▶ _Dataset content_

#####

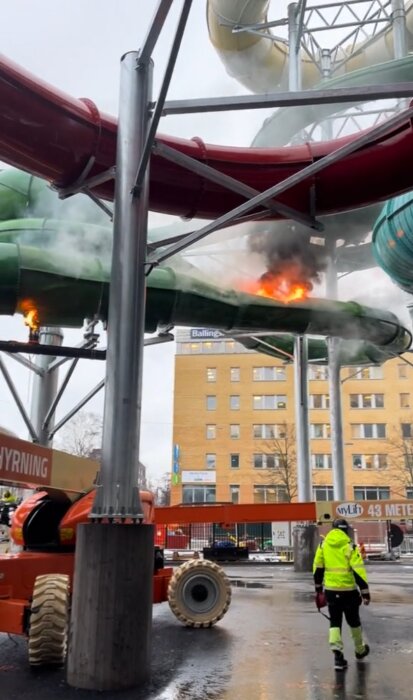 Vattenrutschkana på brand, räddningspersonal på plats, konstruktionsområde, rök och eldslågor synliga, stadsmiljö.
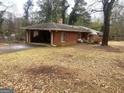 Brick house with carport and fenced backyard at 5865 Ridge Se Dr, Mableton, GA 30126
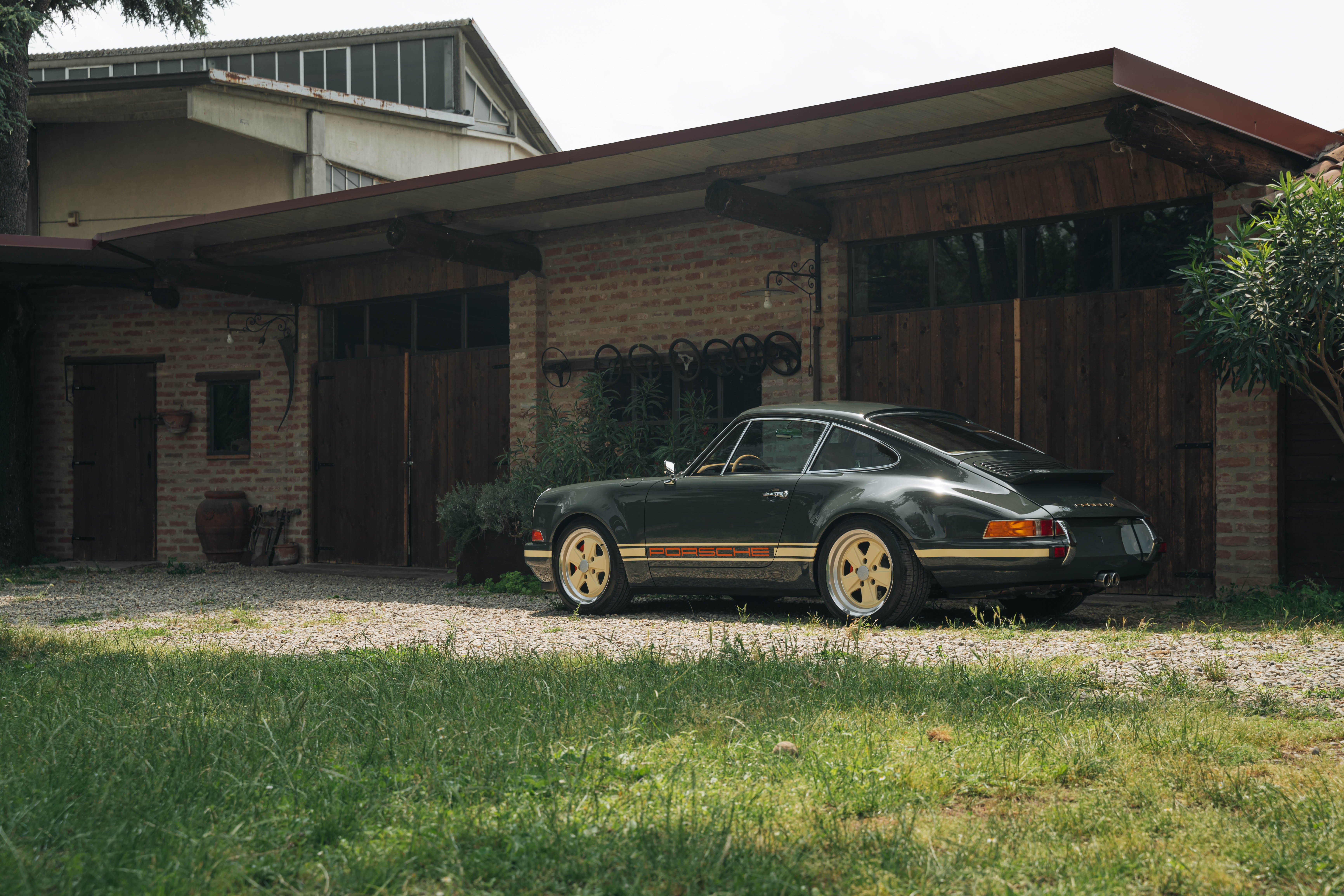 Vista del retro di Porsche Carrera verde di fronte a garage vintage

#####

▶ _What the task asks_
Print out the whole listing word for word. Leave the pictures out.

▶ _Response to this task_
 Vattenrutschkana på brand, räddningspersonal på plats, konstruktionsområde, rök och eldslågor synliga, stadsmiljö.
 Brick house with carport and fenced backyard at 5865 Ridge Se Dr, Mableton, GA 30126
 Vista del retro di Porsche Carrera verde di fronte a garage vintage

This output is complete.